Start of RECORDED DATA

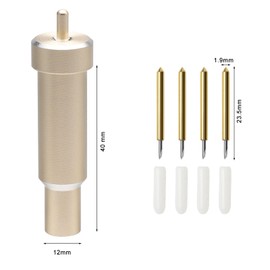 HENGBIRD 4 Premium Fine Cut Blades with Casing, Replacement Blades Compatible with Cricut Maker, Maker 3, Air 3, Air 2, Air, One, Explore 3 (Gold)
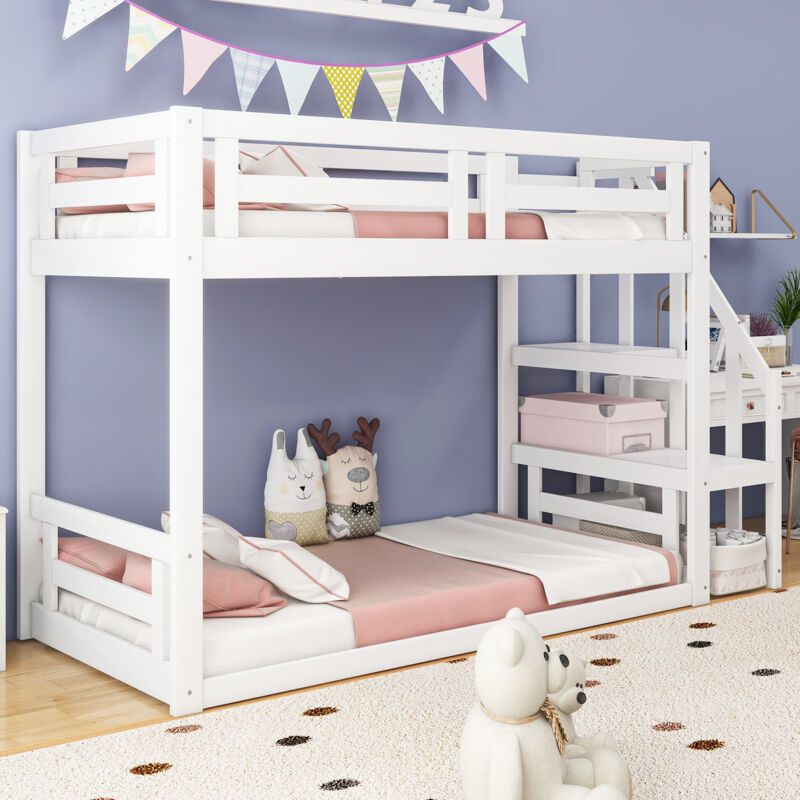 Okwish - Lit superposé 90x200 cm, lit simple d'enfant avec escalier de sécurité et sommier à lattes, en bois massif, gris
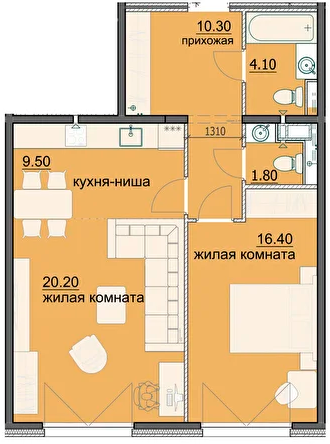 2 комнатная с ремонтом 62,3 кв.м. (ЖК “Лугометрия”)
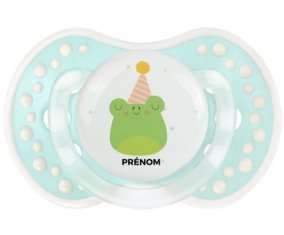 Grenouille anniversaire + prénom : 0/6 mois - Retro-turquoise-lagon classique embout Lovi Dynamic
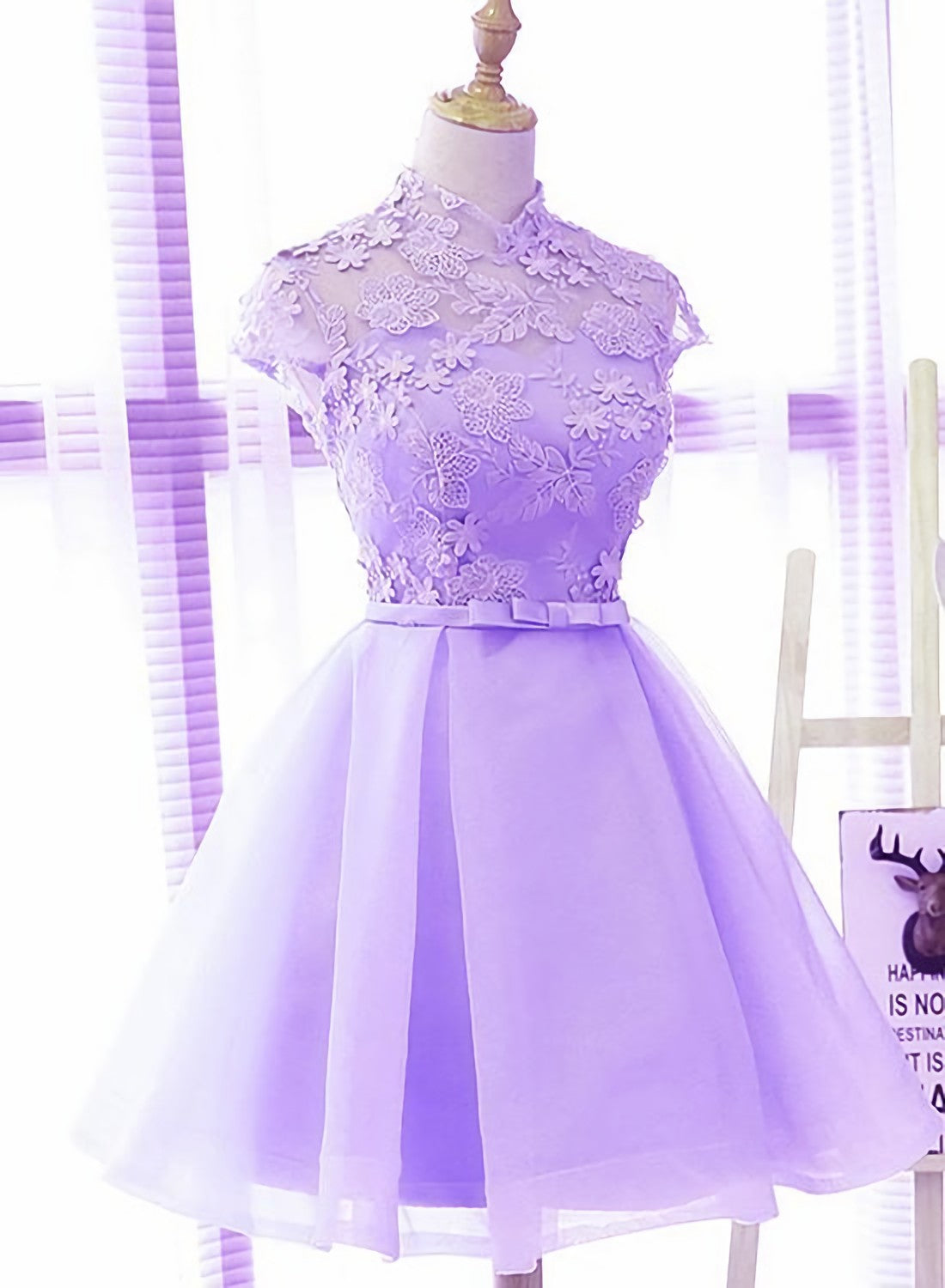 Cute High Neckline Lavender Short Graduation Dress, Homecoming Dress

End of RECORDED DATA

GOAL OF THE EXERCISE. Reproduce the complete set of records verbatim and omit the pictures.

EXERCISE SOLUTION.
 HENGBIRD 4 Premium Fine Cut Blades with Casing, Replacement Blades Compatible with Cricut Maker, Maker 3, Air 3, Air 2, Air, One, Explore 3 (Gold)
 Okwish - Lit superposé 90x200 cm, lit simple d'enfant avec escalier de sécurité et sommier à lattes, en bois massif, gris
 2 комнатная с ремонтом 62,3 кв.м. (ЖК “Лугометрия”)
 Grenouille anniversaire + prénom : 0/6 mois - Retro-turquoise-lagon classique embout Lovi Dynamic
 Cute High Neckline Lavender Short Graduation Dress, Homecoming Dress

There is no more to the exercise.